Specifically made for two to five players 13 years old and above, and with a 90-minute playing time, this board game offers two different experiences.
One experience features the Roman Empire, with 30 cities for three to five players, while the other features Roman Italy, with 25 cities for two to four players.
As a strategic game, Concordia requires advanced planning and a keen eye to predict your opponent’s moves. Make wise decisions and solve problems quickly to achieve victory.
11. Betrayal at House on the Hill
Betrayal at House on the Hill is an excellent choice if you like deception and survival games. It is an intensely exciting suspense and horror board game that allows you to build your own haunted house and come up with blood-curdling scenarios.
This is the third edition of the game and has additional game elements and characters. Like the previous versions, it is still a cooperative strategy game, so everyone is expected to contribute to achieving victory.
Note, however, the house turns one of the players against the others. This is a game of deception, so your goal is not just to get out of the house, but also to find the traitor among you.

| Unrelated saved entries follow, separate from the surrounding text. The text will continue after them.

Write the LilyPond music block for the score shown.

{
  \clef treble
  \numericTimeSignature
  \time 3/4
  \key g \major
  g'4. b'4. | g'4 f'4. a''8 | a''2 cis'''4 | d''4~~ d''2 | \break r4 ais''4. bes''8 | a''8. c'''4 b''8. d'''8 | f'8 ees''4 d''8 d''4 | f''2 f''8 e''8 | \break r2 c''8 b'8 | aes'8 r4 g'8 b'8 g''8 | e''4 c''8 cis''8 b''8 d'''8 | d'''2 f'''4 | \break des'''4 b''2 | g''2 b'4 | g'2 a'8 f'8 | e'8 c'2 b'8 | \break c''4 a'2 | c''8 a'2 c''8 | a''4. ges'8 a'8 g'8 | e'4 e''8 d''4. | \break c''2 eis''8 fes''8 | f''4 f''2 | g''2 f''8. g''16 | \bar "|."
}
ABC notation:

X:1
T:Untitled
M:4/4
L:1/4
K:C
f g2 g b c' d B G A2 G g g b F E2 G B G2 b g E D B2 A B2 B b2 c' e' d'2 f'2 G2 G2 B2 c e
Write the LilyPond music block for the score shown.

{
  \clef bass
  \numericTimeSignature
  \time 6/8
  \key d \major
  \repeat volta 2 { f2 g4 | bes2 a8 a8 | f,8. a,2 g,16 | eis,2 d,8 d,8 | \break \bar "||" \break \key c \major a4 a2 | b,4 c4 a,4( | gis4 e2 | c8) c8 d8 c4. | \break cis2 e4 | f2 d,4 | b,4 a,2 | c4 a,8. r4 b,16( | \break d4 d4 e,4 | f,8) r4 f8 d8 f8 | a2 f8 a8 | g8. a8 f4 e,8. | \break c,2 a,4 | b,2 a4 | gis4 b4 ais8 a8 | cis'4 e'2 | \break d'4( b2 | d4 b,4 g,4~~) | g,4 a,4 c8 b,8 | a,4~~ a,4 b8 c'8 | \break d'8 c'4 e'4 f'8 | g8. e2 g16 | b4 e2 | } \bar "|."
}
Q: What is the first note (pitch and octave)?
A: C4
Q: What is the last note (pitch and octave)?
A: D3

We highly recommend this board game, whether you are a beginner or an expert in board gaming. It has simple concepts and instructions, and its mechanics are easy to learn and understand.
12. Blood Rage
Blood Rage is “an all-out brawl.” It is a battle for glory, and clearly not for the faint of heart. You fight against each other over territories, monsters, and treasures. You need to be aggressive and hungry for power if you want to win the game.
You also need to have good strategy if you want to have a chance at winning. Devising a well-planned course of action before the game starts is advisable. Otherwise, you will be eaten—not just by monsters, but by your opponents as well. Of course, you also need to be adaptable as the game proceeds.

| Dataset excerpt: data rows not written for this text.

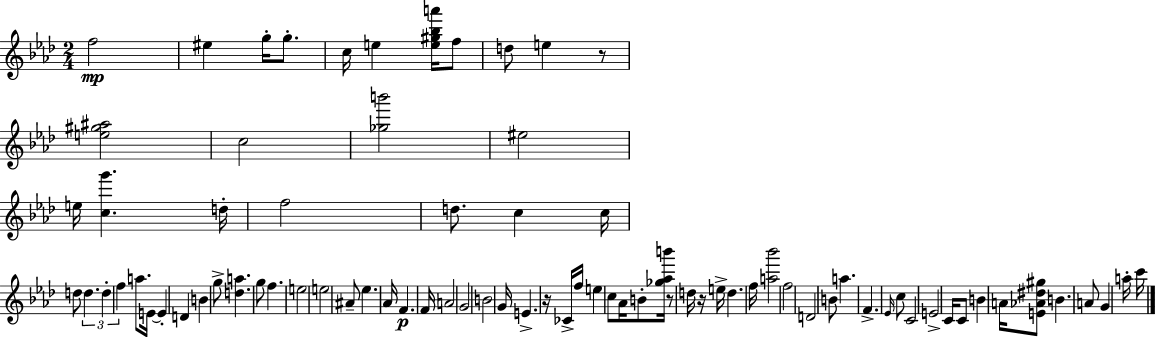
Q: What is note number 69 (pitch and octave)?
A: C6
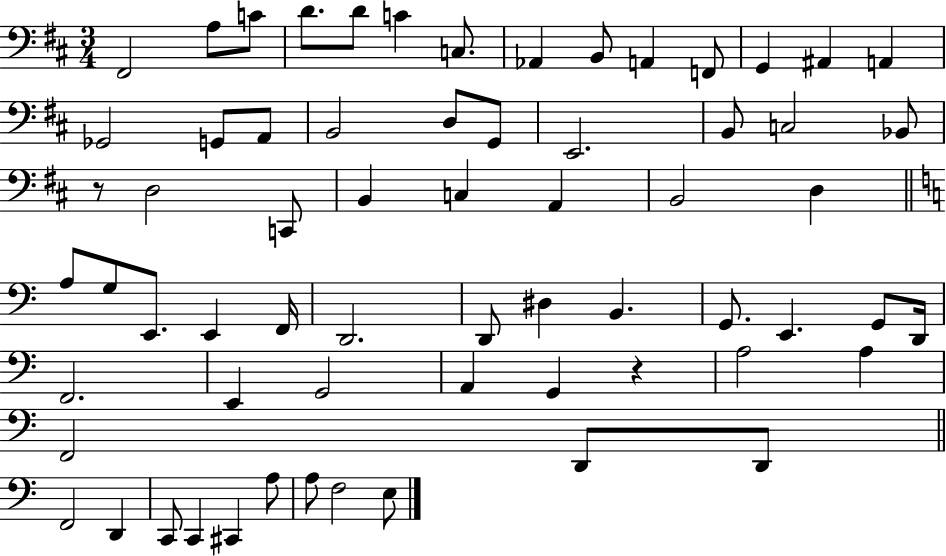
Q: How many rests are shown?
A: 2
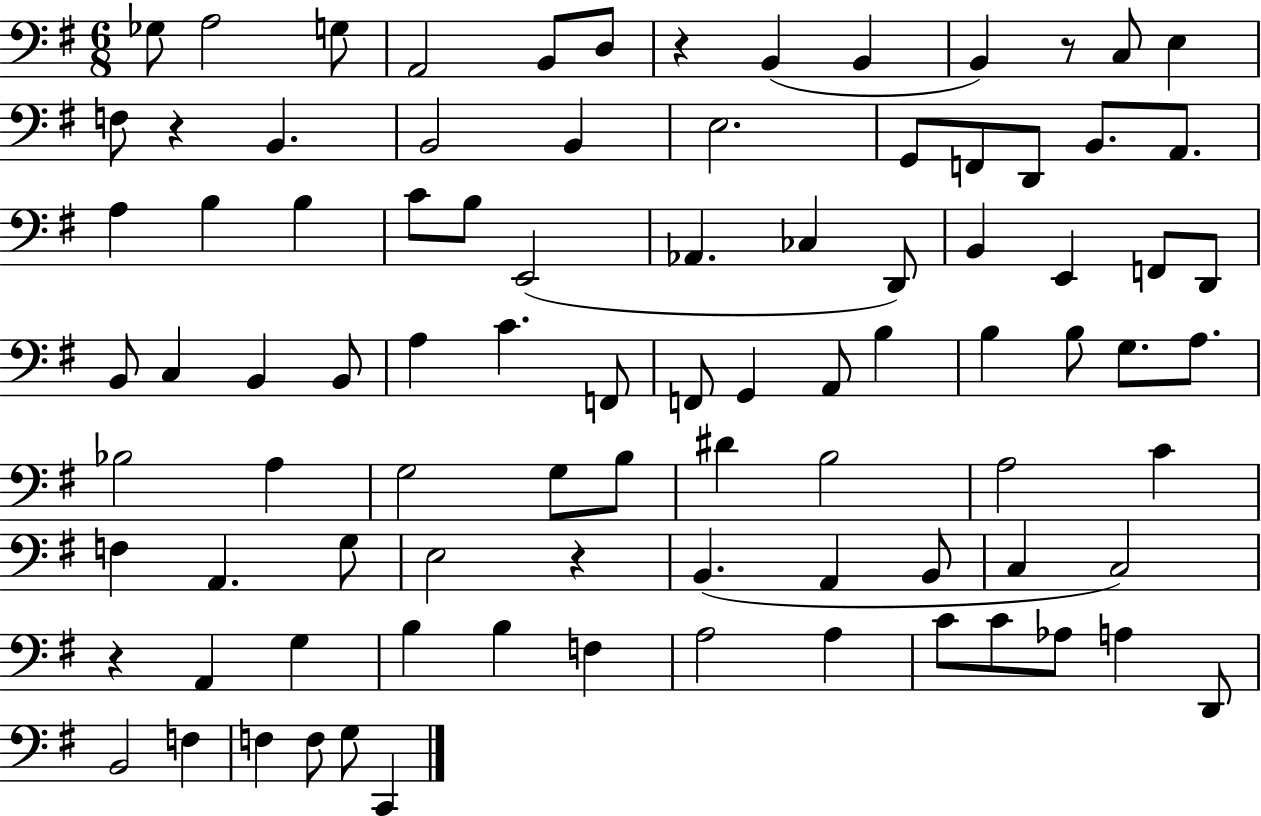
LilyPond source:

{
  \clef bass
  \numericTimeSignature
  \time 6/8
  \key g \major
  \repeat volta 2 { ges8 a2 g8 | a,2 b,8 d8 | r4 b,4( b,4 | b,4) r8 c8 e4 | \break f8 r4 b,4. | b,2 b,4 | e2. | g,8 f,8 d,8 b,8. a,8. | \break a4 b4 b4 | c'8 b8 e,2( | aes,4. ces4 d,8) | b,4 e,4 f,8 d,8 | \break b,8 c4 b,4 b,8 | a4 c'4. f,8 | f,8 g,4 a,8 b4 | b4 b8 g8. a8. | \break bes2 a4 | g2 g8 b8 | dis'4 b2 | a2 c'4 | \break f4 a,4. g8 | e2 r4 | b,4.( a,4 b,8 | c4 c2) | \break r4 a,4 g4 | b4 b4 f4 | a2 a4 | c'8 c'8 aes8 a4 d,8 | \break b,2 f4 | f4 f8 g8 c,4 | } \bar "|."
}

The average playtime for this board game is around 60-90 minutes, but that depends on how strategic and competitive the players are. We recommend the game for expert board gamers, as it may seem difficult for beginners if they are not used to RPGs.
13. Brass Birmingham
Brass Birmingham takes us back to the Industrial Revolution, when businessmen and entrepreneurs competed for the top positions in their industries. In this game, the goal is to “develop, build, and establish industries and networks, in an effort to exploit low or high market demands.”
To that end, you need to have an entrepreneurial and economic mind to win this game. After all, you need to review, study, and set trends to achieve your goals. Players take turns making their moves, so you have to strategize carefully before doing anything.

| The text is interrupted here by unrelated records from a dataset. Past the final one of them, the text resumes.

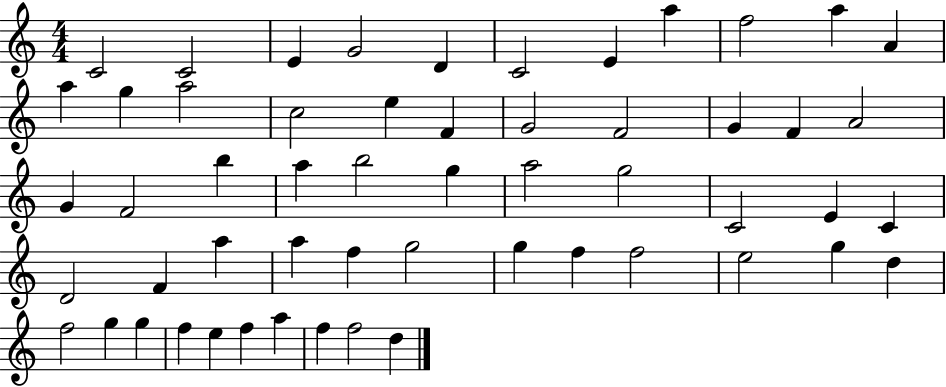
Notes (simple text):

C4/h C4/h E4/q G4/h D4/q C4/h E4/q A5/q F5/h A5/q A4/q A5/q G5/q A5/h C5/h E5/q F4/q G4/h F4/h G4/q F4/q A4/h G4/q F4/h B5/q A5/q B5/h G5/q A5/h G5/h C4/h E4/q C4/q D4/h F4/q A5/q A5/q F5/q G5/h G5/q F5/q F5/h E5/h G5/q D5/q F5/h G5/q G5/q F5/q E5/q F5/q A5/q F5/q F5/h D5/q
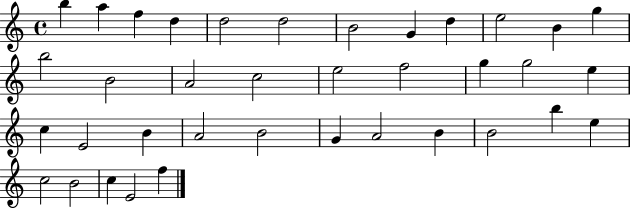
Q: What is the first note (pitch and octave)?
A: B5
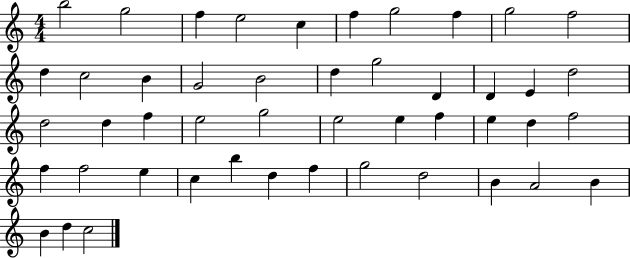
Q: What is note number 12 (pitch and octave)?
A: C5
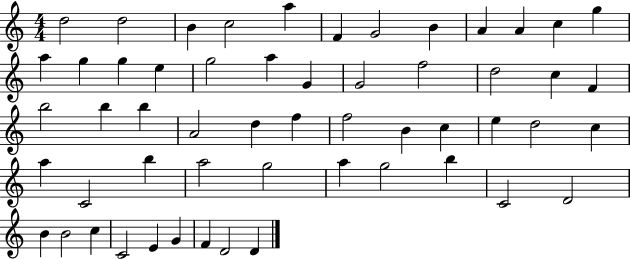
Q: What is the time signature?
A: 4/4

We highly suggest this board game to those who are business-minded and able to make wise decisions under pressure.
14. Arkham Horror
Some people say Arkham Horror is the best RPG board game ever made—especially for those who like suspense, thrill, and horror.
Based on H.P. Lovecraft’s mystery and horror stories, this game has a way of making its players feel the chills. Due to the games well-thought-out theme and fantastically designed cards, you are in for a wonderful treat with your friends on game night.
Gloomhaven is a Euro-style board game best for those who like tactical combat gaming. It is an RPG, except that you choose your own adventure instead of playing a predetermined one. You take the role of an adventurer ready to take on beasts and escape dungeons and caves.
As an RPG, this game lets you acquire skills and abilities by discovering powers in hidden locations. It also gives you the freedom of choice in regard to which power you would like to use whenever you encounter monsters and creatures. As such, you need to strategize well to win.
This board game is effective both for solo and cooperative gaming. It can accommodate up to four players—the more brains working together, the better.
Final Thoughts on the Best 4-Player Board Games
There you go! We hope you enjoyed our list of the best four-player board games. Hopefully we were able to help you find one that suits your needs.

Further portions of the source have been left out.